Vó é especialmente cuidada por Daniel Neto, que nega ser um dos líderes da ocupação, mas está à frente das negociações com a Polícia Militar. “Os policiais estão aí pacificamente. Eles nos tratam melhor do que os nossos governantes. O que o prefeito tinha que fazer era nos tratar com dignidade. É muito fácil ficar julgando as pessoas e chamando de vagabundas. Mas vem ver a realidade da gente. O prefeito tem por obrigação fazer pelo povo”, declarou Daniel.
A assessoria de comunicação do prefeito foi procurada, por e-mail e por telefone, para comentar a reação dos moradores da região às suas declarações do prefeito, mas disseram que Eduardo Paes está viajando, em férias, e não iria se pronunciar.
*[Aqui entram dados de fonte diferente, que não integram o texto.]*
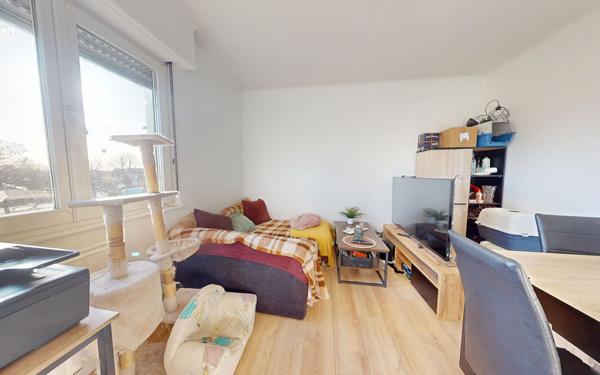 Appartement à vendre    4 pièces • 67 m2 Schiltigheim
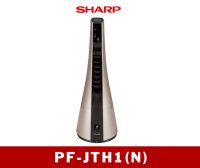 暖房　スリムイオンファン　PF-JTH1（N)　【信越】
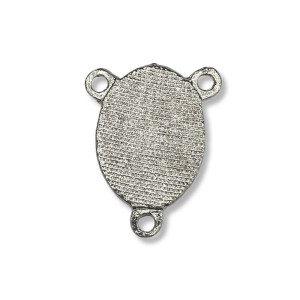 ET1680446P2 - Entremeio São Tarcísio Resinado c/ 2un. - 2,5x2cm
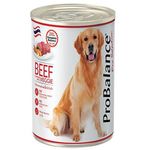 ProBalance Pro Selection Adult Beef Flavour With Veggie 400g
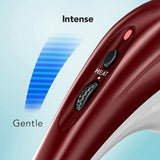 Wahl hot and cold thermal massager, UK version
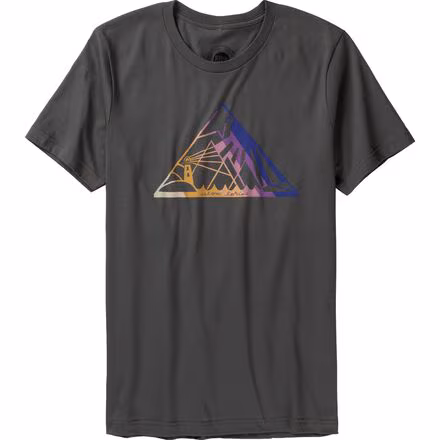 Rays + Waves T-Shirt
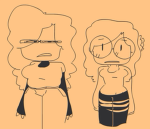plutos little pieces of thing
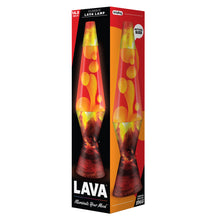 Load image into Gallery viewer, Schylling - The Original LAVA Brand: Lava Lamp, Erupting Crater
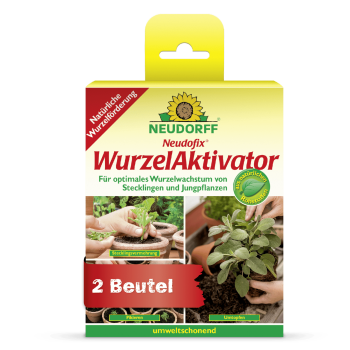 Neudorff Neudofix Root Activator 40 g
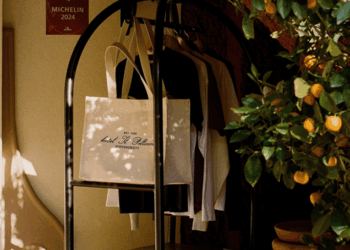 Il Pellicano x Highsnobiety : les 60 ans les plus stylés de l’année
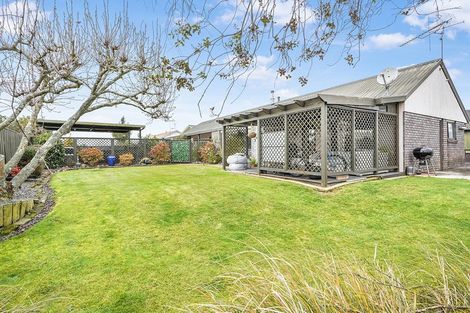 Photo of property in 21 Leyton Place, Nawton, Hamilton, 3200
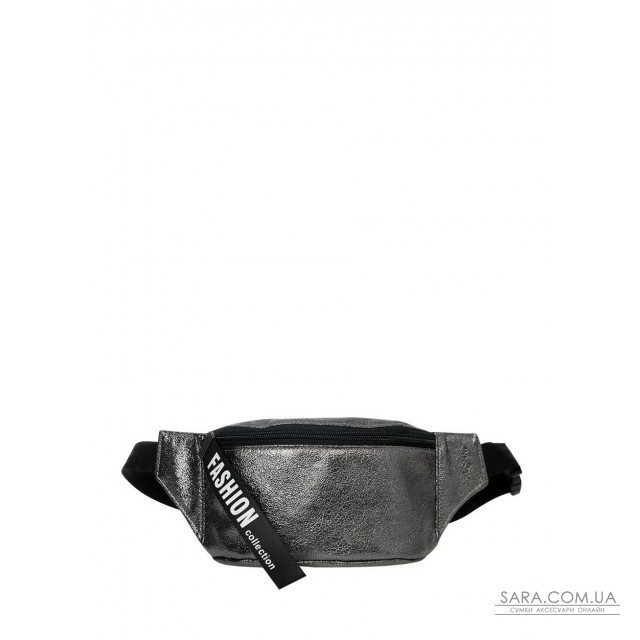 Сумка на пояс бананка Sambag Tirso MCT бите темно скло Сумка на пояс бананка Sambag Tirso MCT бите темно скло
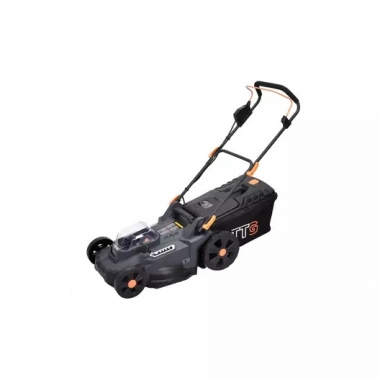 Газонокосилка аккумуляторная TTG8A107-J 20V для участка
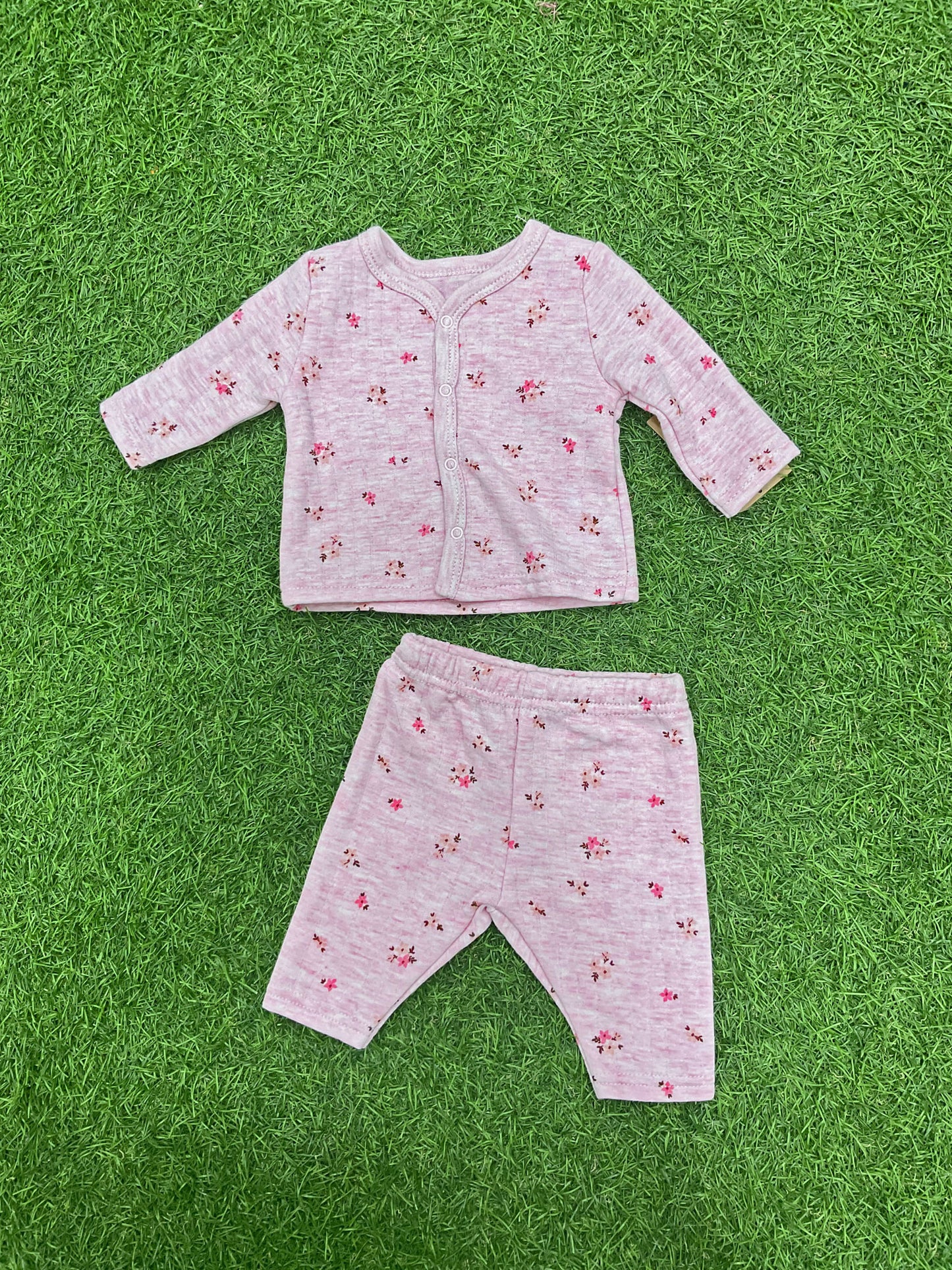 Conjunto de dos piezas - S020116GB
A Justiça determinou, na última quinta-feira (13), a pedido da construtora BR4 Empreendimentos e Participações, a reintegração de posse do Residencial Guadalupe. Em sua decisão, o juiz Paulo José Cabana de Queiroz Andrade ressaltou que, além de força policial, também seria necessário apoio do Serviço de Atendimento Móvel de Urgência, Corpo de Bombeiros, Conselho Tutelar e da Secretaria de Assistência Social do Município. A reintegração pode sair a qualquer momento.